Dokładnie Piotr, miałam dotychczas tyle róznych zwierząt, ze mogłabym o nich chyba z tysiąc stron napisać, nigdy nie były traktowane jak ludzie ale i nie jak tylko zwierzęta. Raz tylko miałam kotkę, z miotu uratowanego jakiegos bezpańskiego, być moze zdziczałego kota, kierowała się tylko jakimiś swoimi zasadami, nigdy nie udało nam sie nawiazać z nią jakiegos czytelnego kontaktu, po trzech latach przebywania pod wspólnym dachem poprostu nas opuściła, przychodząc przez jakis czas nocami opróżnic wystawioną miskę, czatowaliśmy na nia ale jak tylko spostzregła kogoś znikała aż zniknęła na zawsze.
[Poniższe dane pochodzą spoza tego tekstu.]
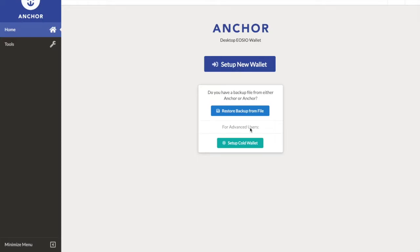I will be showing you how to set up your Anchor wallet and connect it with yoursauthority.com. Anchor is a Scatter alternative.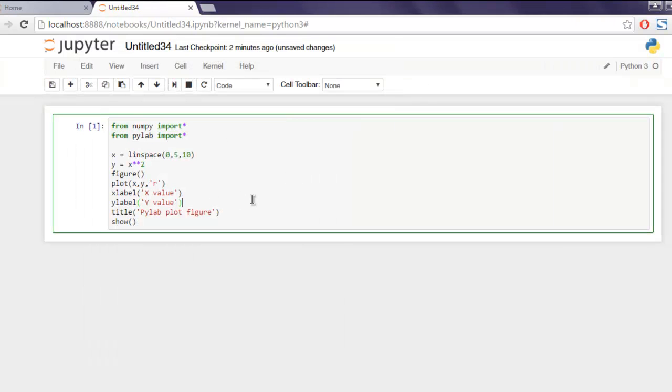So this was a simple example of how to use PyLab within your program to draw a figure with x and y values.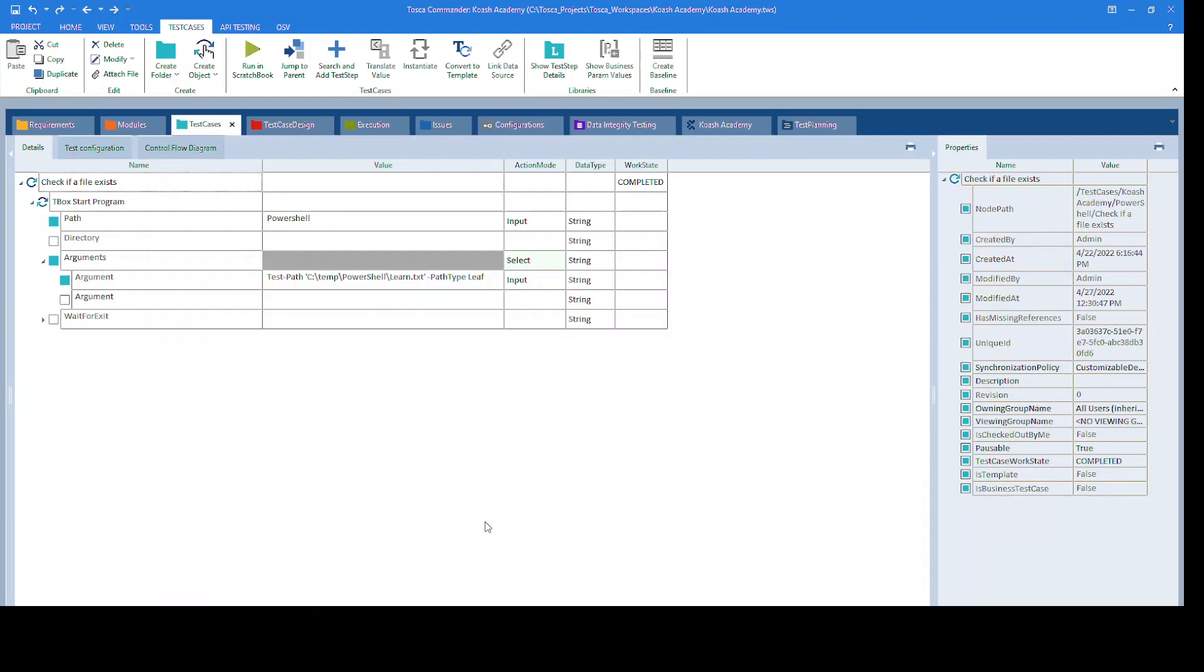Hello, in this video we will see how to check existence of a file. I have already created a test case and added the TBOX start program standard module.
Myślę, nie piję tu Snajper do Ciebie, że wielu z posiadaczy czworonogów uwaza, ze jak daje jeść, pogłaska, wyjdzie na spacer to jest spełniony i taki człowiek nigdy swojego czworonoga nie zrozumie, moze nawet jego oczekiwania sa nieadekwatne do możliwosci, nie wiem sama. Ale na przykład spotkałam się u znajomych z takim szokującym zjawiskiem, pies dostaje miske zarcia i nikt do niego nie ma prawa podejść, znajomy stwierdził, ze obrona miski jest u psa wrodzonym instynktem. Dlaczego szok, bo ja moim wszystkim psom, mogłam zarcie z gardła wyjąć ręka a nie tylko z miski i nigdy mi do głowy nie przyszło, że pies mógłby zawarczec , co gorsza zadnemu psu też to do głowy nie przyszło.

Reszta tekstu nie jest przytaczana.